*** Source records Section Begins ***
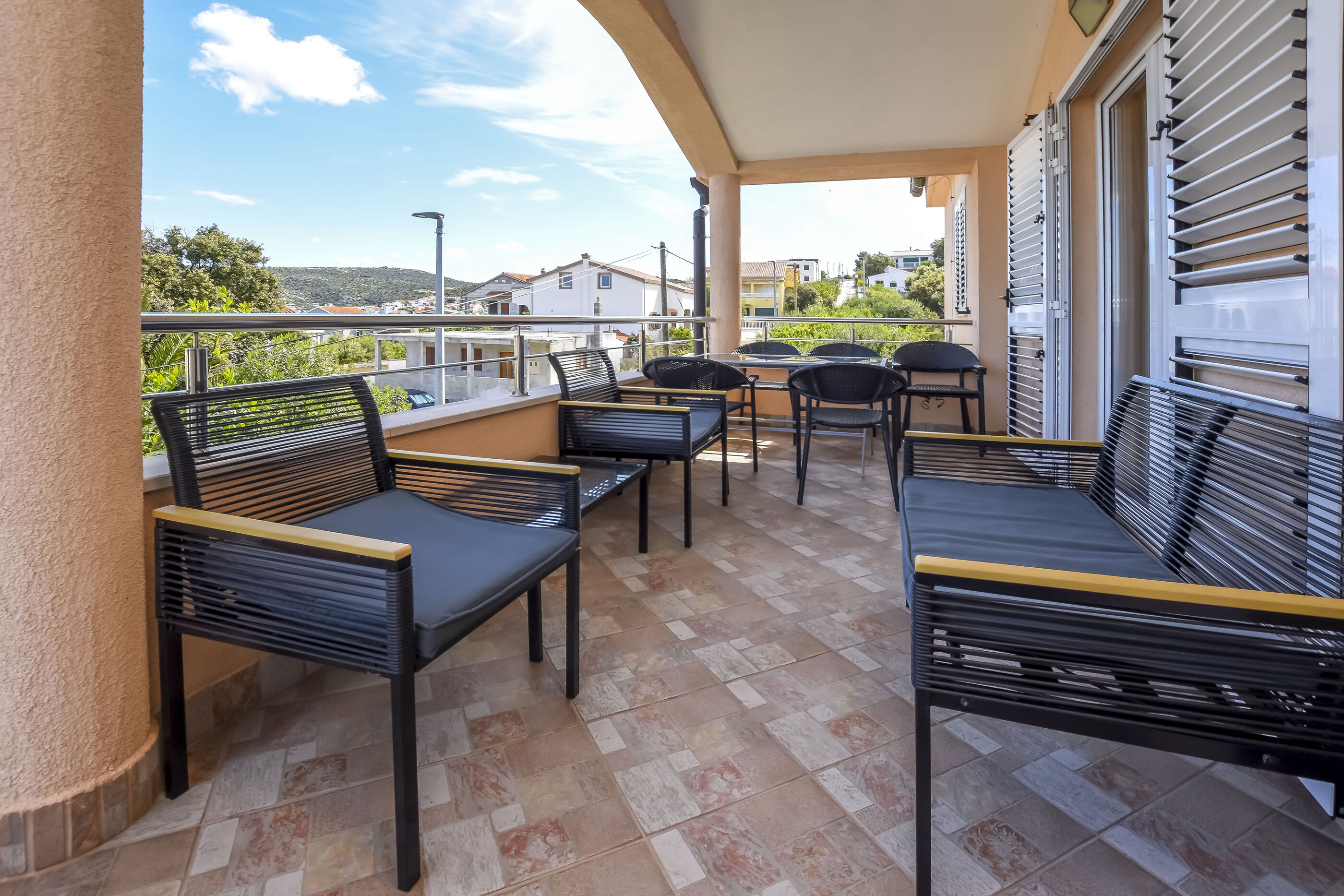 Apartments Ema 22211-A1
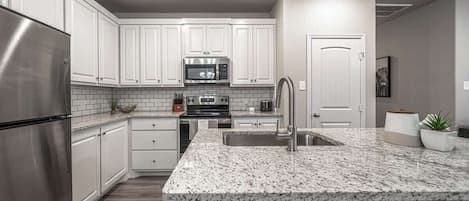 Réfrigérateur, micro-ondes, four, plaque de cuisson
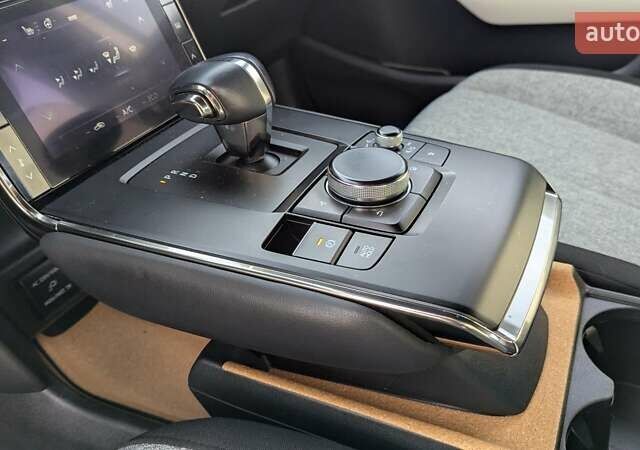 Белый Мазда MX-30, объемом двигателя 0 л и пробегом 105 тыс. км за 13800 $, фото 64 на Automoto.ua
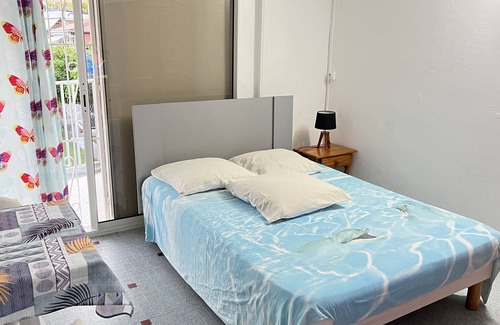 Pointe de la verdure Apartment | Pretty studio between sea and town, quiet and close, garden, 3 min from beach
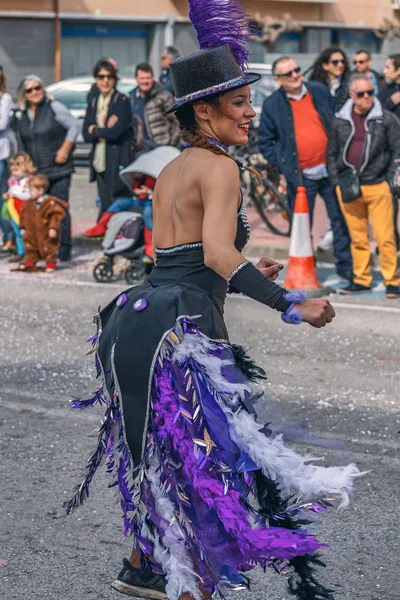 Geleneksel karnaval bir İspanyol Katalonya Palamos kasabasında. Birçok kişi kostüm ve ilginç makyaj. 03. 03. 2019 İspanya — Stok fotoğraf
*** Source records Section Ends ***
To do: This exercise asks for an exact copy of the lines from the first one in the data through the line that contains "Pointe de la", pictures excluded.

Response to this exercise:
 Apartments Ema 22211-A1
 Réfrigérateur, micro-ondes, four, plaque de cuisson
 Белый Мазда MX-30, объемом двигателя 0 л и пробегом 105 тыс. км за 13800 $, фото 64 на Automoto.ua
 Pointe de la verdure Apartment | Pretty studio between sea and town, quiet and close, garden, 3 min from beach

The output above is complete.